_Work instruction_. From the records below, output exactly the lines starting at the line with "Cabe precisar que" and ending at the line with "Building Photo - 3541 Oak Dr", both of them included, but no pictures.

_Raw data_.
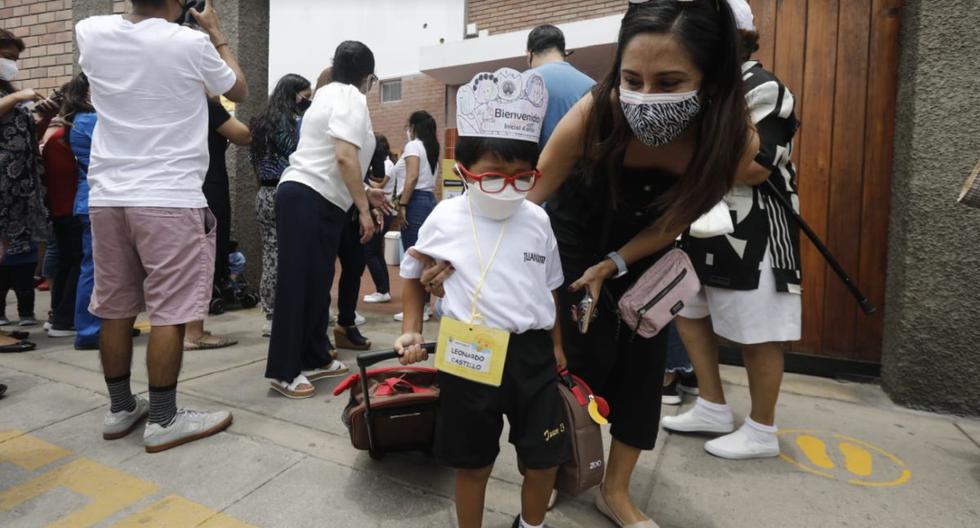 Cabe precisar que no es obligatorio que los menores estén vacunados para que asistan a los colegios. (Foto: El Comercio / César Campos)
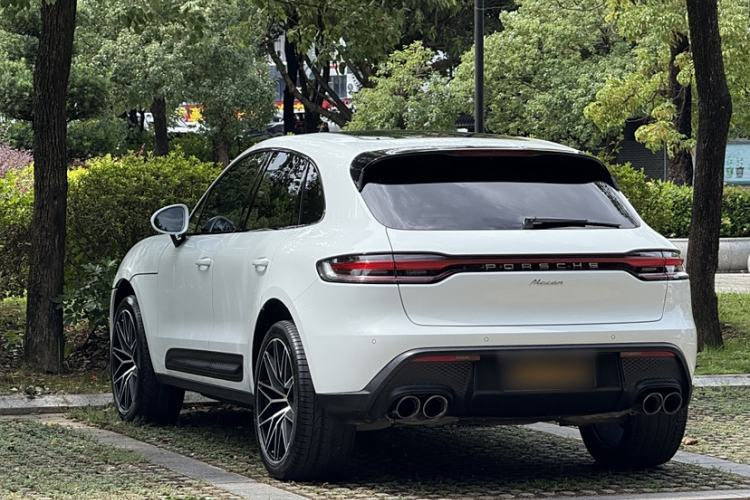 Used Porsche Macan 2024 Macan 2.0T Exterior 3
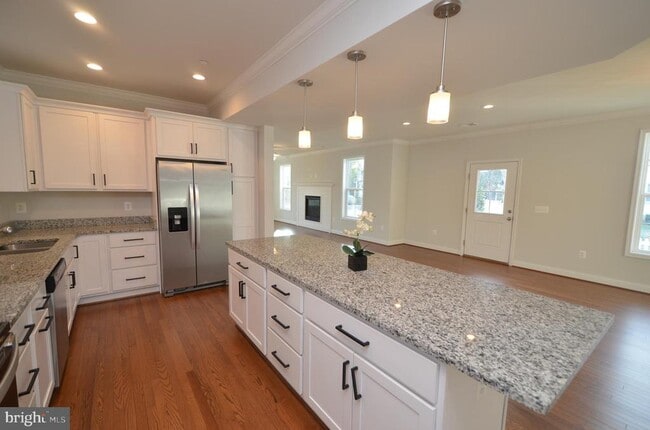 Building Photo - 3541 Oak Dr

--

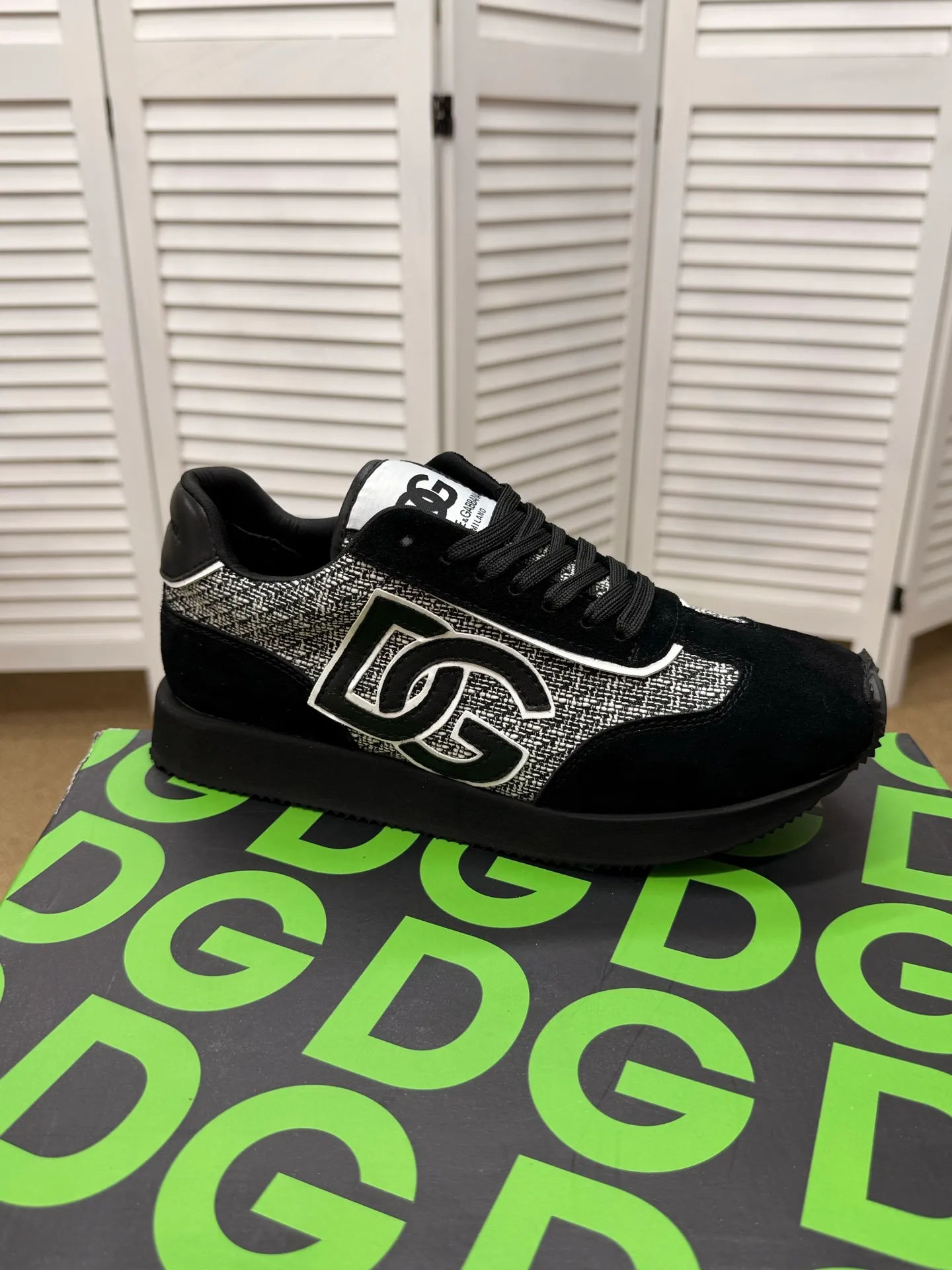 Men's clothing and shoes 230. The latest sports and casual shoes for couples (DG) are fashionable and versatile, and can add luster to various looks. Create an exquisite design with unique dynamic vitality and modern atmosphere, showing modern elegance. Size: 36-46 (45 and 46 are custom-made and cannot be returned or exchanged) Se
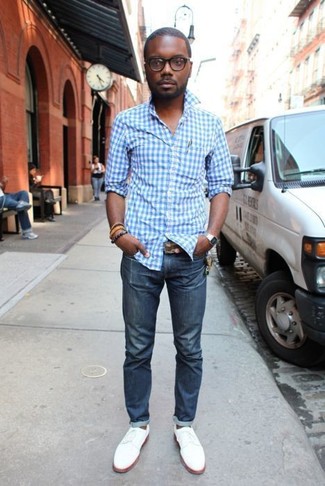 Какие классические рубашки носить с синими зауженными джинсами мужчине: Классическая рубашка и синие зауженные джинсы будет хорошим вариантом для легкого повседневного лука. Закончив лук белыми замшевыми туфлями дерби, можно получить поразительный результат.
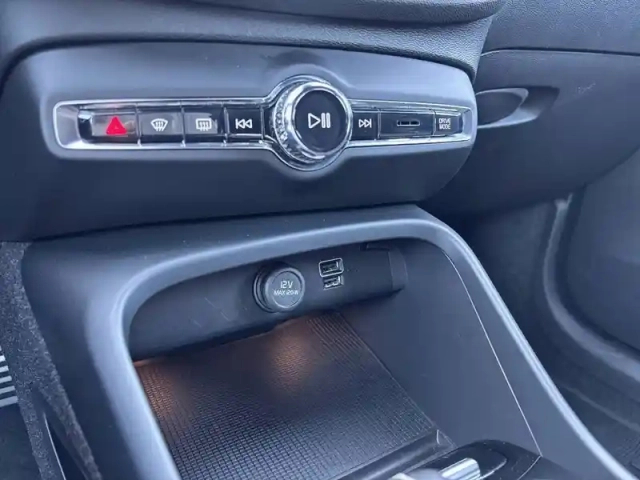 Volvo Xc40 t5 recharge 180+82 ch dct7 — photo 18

_Exercise solution_.
 Cabe precisar que no es obligatorio que los menores estén vacunados para que asistan a los colegios. (Foto: El Comercio / César Campos)
 Used Porsche Macan 2024 Macan 2.0T Exterior 3
 Building Photo - 3541 Oak Dr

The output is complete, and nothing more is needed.